DESCRIPTION OF THE TASK:
Return the data below exactly, minus the pictures.

DATA EXTRACT:
######

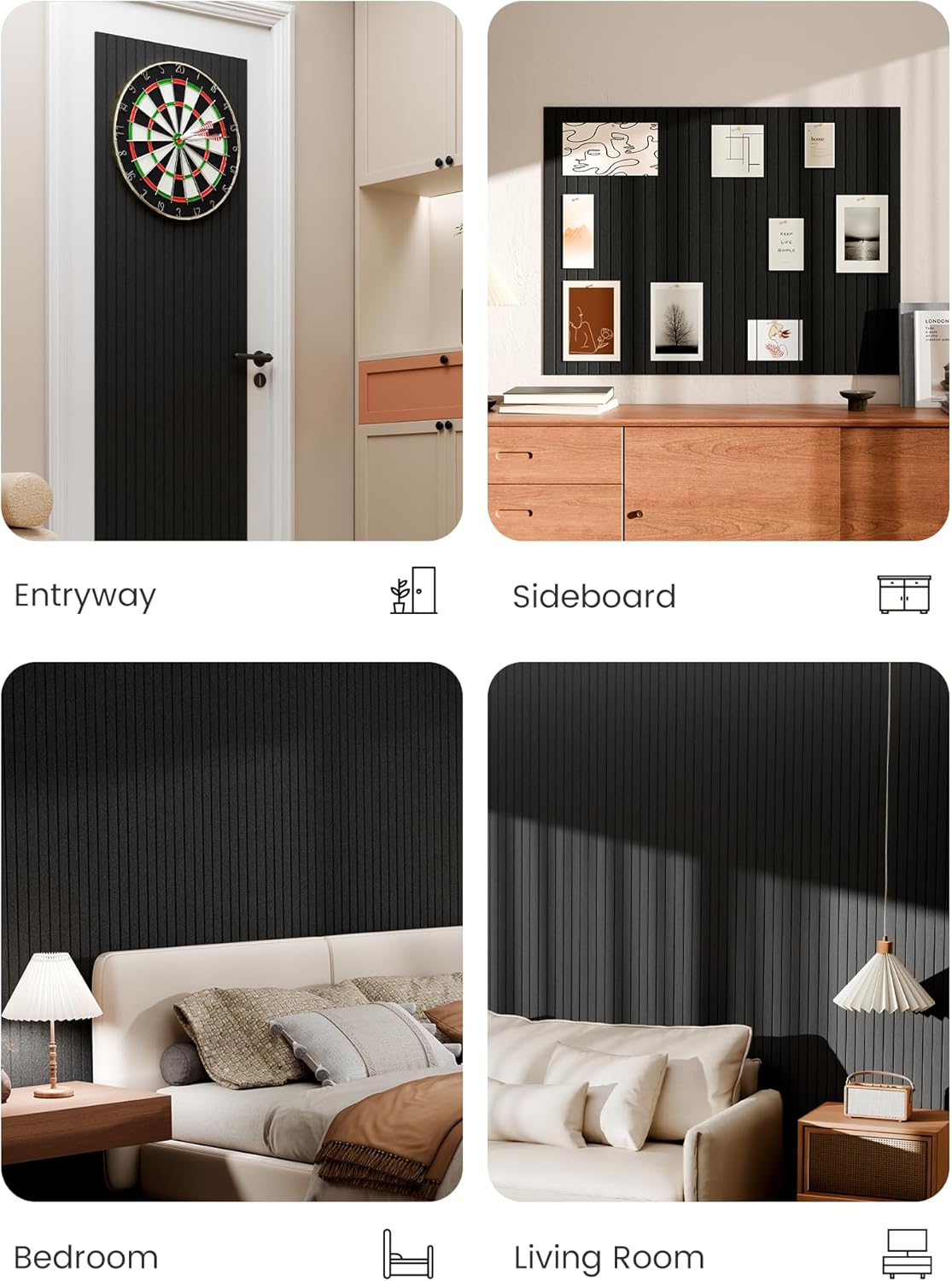 Bumusty Large Cork Board Alternative-48 x 36" Felt Bulletin Board Tiles, with 30 Pushpins, 70 Adhesive Tabs, 12-Pack Slat Wall Paneling, Cork Boards for Office Push Pin Board Felt Board-Black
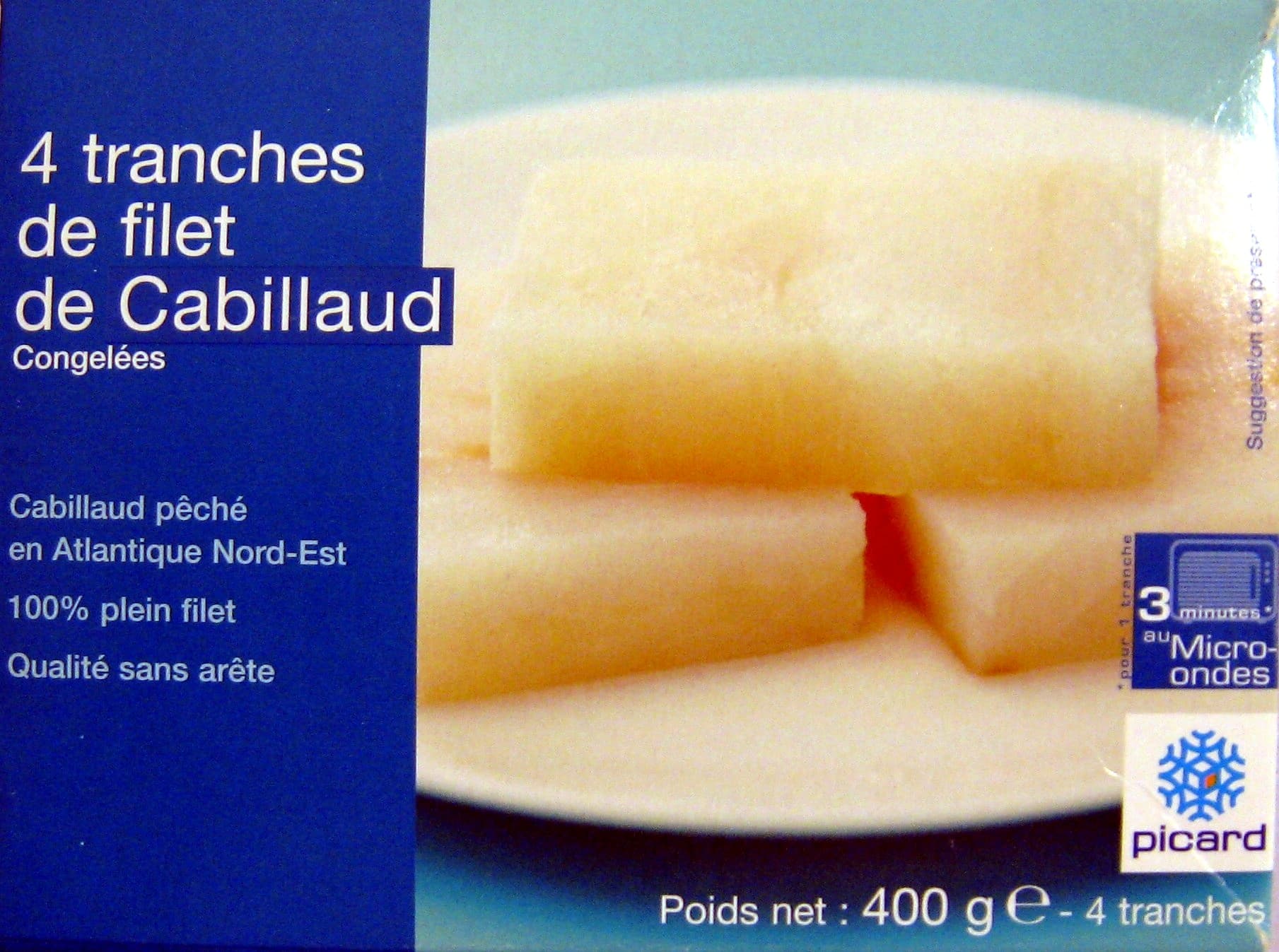 Picard 4 Tranches de filet de Cabillaud packshot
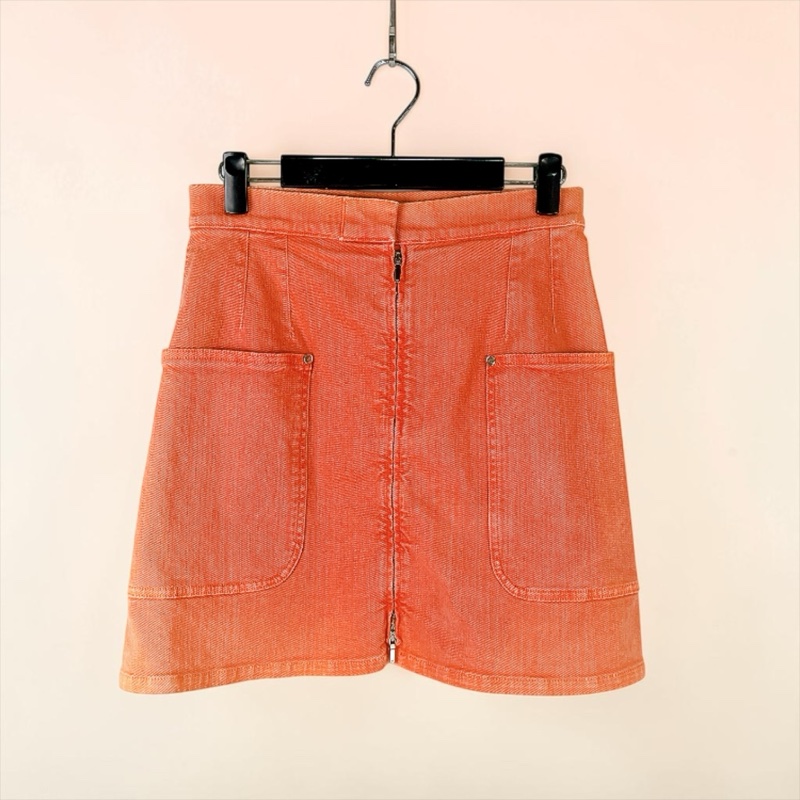 莉亞精品♡Chanel 牛仔拉鍊短裙 粉橘38 二手-0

######

OUTPUT OF THE EXERCISE:
 Bumusty Large Cork Board Alternative-48 x 36" Felt Bulletin Board Tiles, with 30 Pushpins, 70 Adhesive Tabs, 12-Pack Slat Wall Paneling, Cork Boards for Office Push Pin Board Felt Board-Black
 Picard 4 Tranches de filet de Cabillaud packshot
 莉亞精品♡Chanel 牛仔拉鍊短裙 粉橘38 二手-0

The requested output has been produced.